2c. It takes a while for everyone to settle down but when we do it is cute: John stretched out on one end of the sofa, then Maggie, then Strange, then me using Lily’s bum for a pillow. (It proofs to me that we definitely have room for more animals.)

2d. I think Lily likes having her buddy over, and especially having a buddy join her for a walk, but I think she likes it even more when she’s an only child once again.

3. I’m achingly tired by bedtime and as I stagger into the bathroom, I jokingly ask John if he’ll wash my face. When he accepts, I picture it like a facial at a spa but instead he takes hold of my wrists and works my hands himself. Imagine a muppet washing its face: all jagged actions and fingers getting caught in nostrils. As we fling handfuls of water at my face, John is crying with laughter into my back.

3BT – levelling up together/curry/Friday afternoon ice creams, dog chatter, water

(Happy birthday, S!)

1. We all embrace new techniques and our work gets rather more interesting.

1b. Shipley smells of curry. I want to eat all the curry.

1c. We eat the cornetto-reos and catch up on our afternoons.

2. We chat to Charlie’s mum and Biscuit’s dad. The former looks like he’s highlighted his hair while the latter runs over and rolls onto his back as we approach (I’m not bigheaded enough to think I’m special to him, he’s just a rather friendly little dog).

3. The water silently swirls then disappears.
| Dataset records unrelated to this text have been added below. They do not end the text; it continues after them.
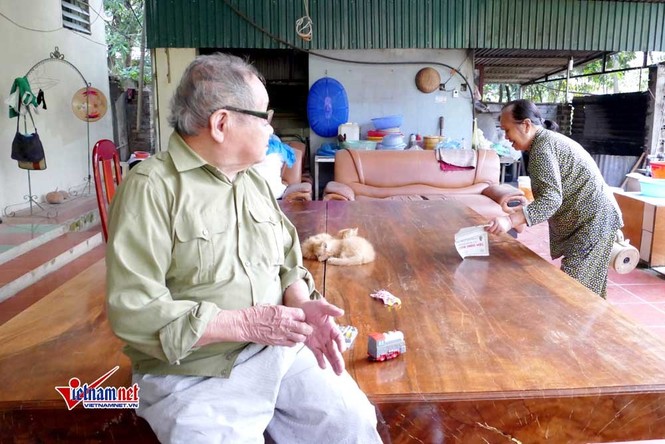 Kỷ niệm lần Đại tướng Võ Nguyên Giáp xin thuốc lào ở đồi D1 - ảnh 4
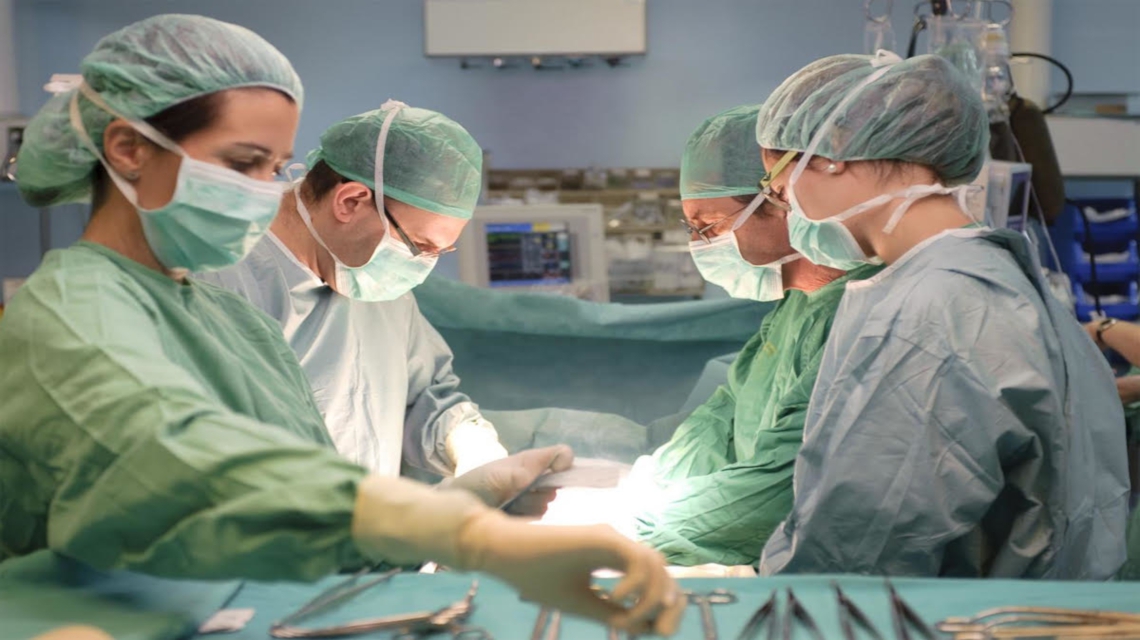 La diferenciación de haberes aumentó el malestar en la comunidad médica. 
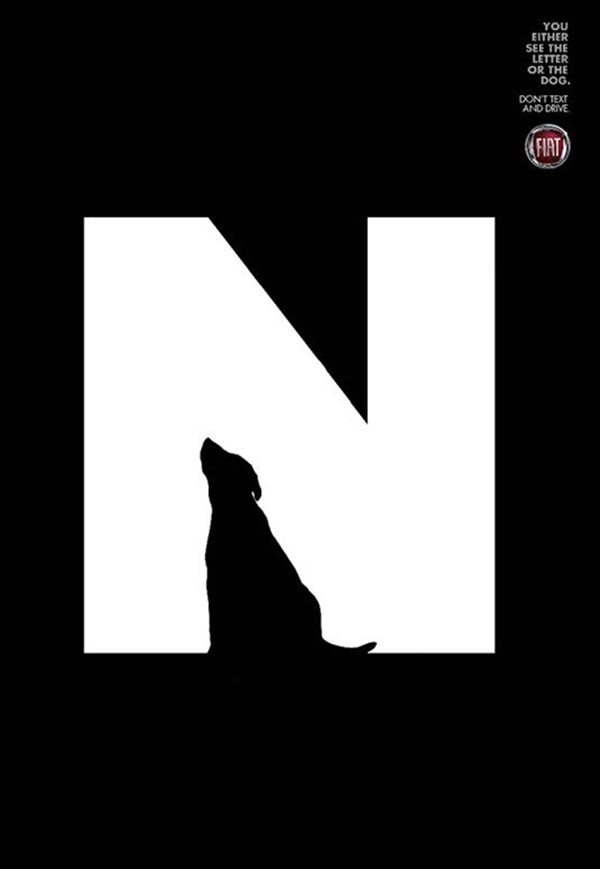 40 Surprisingly Genius Negative Space Art Examples Bored Art 40 Surprisingly Genius Negative Space Art Examples Bored Art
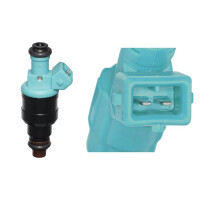 Injector petrol 3 230 16 Ω 2-pin VALEO for FORD SIERRA and others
3BT – sunny day, hair, how things work, dissolving

1. The line full of washing. The sun makes the tree’s bark glow.

2. It always takes me a few weeks to like my new haircut and colour but I’m already happy to have lost the straggly dead weight.

3. Finding out how things work: first, a diverse business model and then choreography of fight scenes.

4. The soft fizz of dissolving meringe.

3BT – lasagne, get them in, kill it! kill it!

1. John’s mum brings over a lasagne. That’s dinner sorted then.

2. Cramming in as many jokes as possible in the time it takes for him to walk from his desk to the door.

3. Strange grabs and bites the tip of her own tail. I may have had something to do with it.

3BT – miiiiiilk?, how/perfect/thanks gravity, demanding/thump

1. Kaufman cries the most pitiful mew as I carry the milk over to my cereal – where I am going with his favourite wonder elixir when his saucer is right here? His sister joins him and they cry out together. Their eyes follow the bottle and their tiny teeth stand out against their pink tongue: little spikes as white as the milk.

2. The mum shows her small daughter a picture on her phone: “this is you when you were in my belly.” The girl is still a little too little to properly understand. The mum goes on: “you ate and slept in there until you were big enough to come out.” By the look on the girl’s face, she is clearly wondering how her bed fit in her mum’s tummy.

2b. I roll out a piece of terracotta clay. Rolling out usually annoys me – either the piece doesn’t form the right shape, or it is bubbly, bumpy or cracks – but this time, it forms a perfect even oval.

2c. The piece has come together better and quicker than I thought but then it tips over as I’m trying to put it away. “Thanks gravity,” I mutter under my breath. But as I hold the damaged pieces in my hands, I realise how to not only fix it but make it much better.

3. Kaufman stomps over and sticks his head in John’s face.

3b. Lily is too old to make a song and dance when she wants something – she now just thumps her tail on the floor.